Published on February 4th, 2012 | by Zachary Shahan6
10-Year-Old Creates/Discovers New Energy-Storing Molecule (Video)
A 10-year-old at a Montessori school in Kansas City, Missouri has now been published in a leading theoretical chemistry journal. Why? Well, playing with molecule-building toys in a lesson, she happened to create one that no one had thought up before, one that could potentially “store energy, create a large explosion, or do something in between” (if it can be synthesized by a chemist).
Of course, the young girl, Clara Lazen, knew exactly what she was up to. She said that, in her design, the pieces “fit more together and they look better.”… A little more scientifically, she did realize that “all the holes have to be filled in for it to be stable.”
While Clara seems more intent on selling her discovery to the military for lots of money, I’m hoping that if it can ever actually be synthesized and used, it will be used in the energy storage field for broader, more peaceful use. Of course, it’s got a long way to go to get to any practical stage, but you have to start somewhere!

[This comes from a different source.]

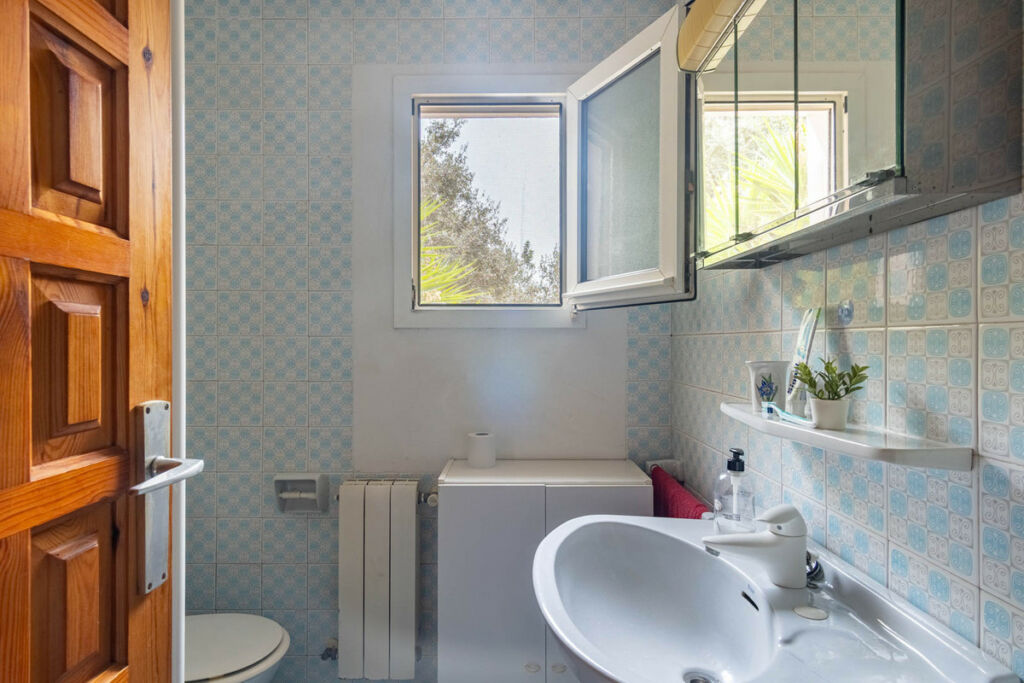 Detached Villa Denia Alicante - image 33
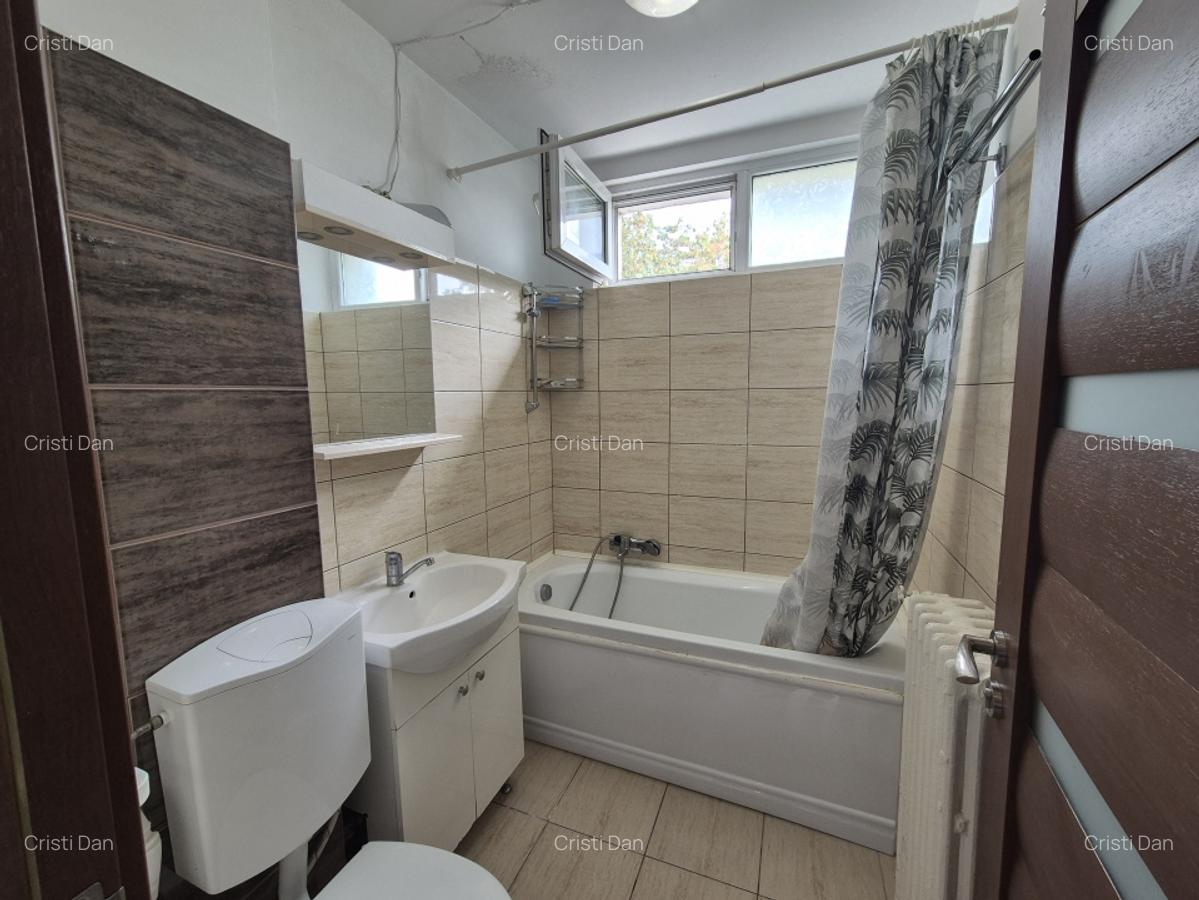 Beller apartament 3 camere, vedere spre parcul Floreasca - 10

Anyway, here’s a video on this all:
As stated above, Clara got quite a helping hand in the discovery by her teacher Kenneth Boehr and Humboldt State University chemistry professor Robert Zoellner, one of Boehr’s college buddies. Zoellner is actually the lead author on the paper, published in Computational and Theoretical Chemistry in January, since he did the majority of the work analyzing the molecule (“tetranitratoxycarbon”) and writing up the paper, naturally. However, Clara and Boehr were actually coauthors on the paper, and that is no small accomplishment (especially at the age of 10!).